Deliveroo: saisie de 3 millions d’euros dans une enquête pour travail dissimulé

PARIS, 6 mars 2020 (AFP) – La justice a procédé à la saisie de 3 millions d’euros sur le compte bancaire français de Deliveroo, la plateforme britannique de livraison de repas, dans le cadre d’une enquête pour travail dissimulé, a-t-on appris vendredi de source proche du dossier.

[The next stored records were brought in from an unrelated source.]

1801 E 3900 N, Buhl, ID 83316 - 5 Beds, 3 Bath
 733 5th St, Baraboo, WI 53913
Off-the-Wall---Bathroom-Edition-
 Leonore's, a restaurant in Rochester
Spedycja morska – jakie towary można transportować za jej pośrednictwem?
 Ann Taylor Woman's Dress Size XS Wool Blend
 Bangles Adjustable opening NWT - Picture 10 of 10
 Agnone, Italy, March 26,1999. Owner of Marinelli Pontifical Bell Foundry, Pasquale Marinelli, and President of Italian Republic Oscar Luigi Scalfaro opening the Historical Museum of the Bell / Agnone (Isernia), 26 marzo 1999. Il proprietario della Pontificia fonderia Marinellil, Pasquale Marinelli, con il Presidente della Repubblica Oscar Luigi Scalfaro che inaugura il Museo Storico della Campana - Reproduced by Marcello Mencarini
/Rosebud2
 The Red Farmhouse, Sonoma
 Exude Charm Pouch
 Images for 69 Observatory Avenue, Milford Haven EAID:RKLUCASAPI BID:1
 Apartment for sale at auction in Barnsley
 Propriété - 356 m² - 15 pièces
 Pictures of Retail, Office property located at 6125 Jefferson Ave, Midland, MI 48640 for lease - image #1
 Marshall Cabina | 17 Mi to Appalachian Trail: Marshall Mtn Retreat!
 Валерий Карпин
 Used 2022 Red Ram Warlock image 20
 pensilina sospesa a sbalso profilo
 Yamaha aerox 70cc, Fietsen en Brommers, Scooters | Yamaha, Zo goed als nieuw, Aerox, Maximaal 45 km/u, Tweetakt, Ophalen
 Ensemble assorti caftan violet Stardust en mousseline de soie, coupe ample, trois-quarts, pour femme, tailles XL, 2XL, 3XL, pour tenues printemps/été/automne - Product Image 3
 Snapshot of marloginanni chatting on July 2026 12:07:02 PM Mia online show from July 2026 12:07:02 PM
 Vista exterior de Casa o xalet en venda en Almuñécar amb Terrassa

Cette saisie effectuée à titre conservatoire correspond à une partie des cotisations sociales que l’entreprise est soupçonnée de ne pas avoir acquitté durant la période 2015-2016, a-t-on ajouté, confirmant une information du Parisien.

Depuis mai 2018, la plateforme britannique est au coeur d’une enquête préliminaire du parquet de Paris confiée à l’Office central de lutte contre le travail illégal (OCLTI) pour « travail dissimulé », après un rapport de l’inspection du travail critique sur les pratiques de l’entreprise.

Pour l’inspection du travail, les livreurs de Deliveroo France doivent être considérés comme des salariés et non comme des auto-entrepreneurs. L’Urssaf, selon Le Parisien, a estimé à un peu plus de 6 millions d’euros le montant des cotisations non versées par la plateforme entre 2015 et 2016.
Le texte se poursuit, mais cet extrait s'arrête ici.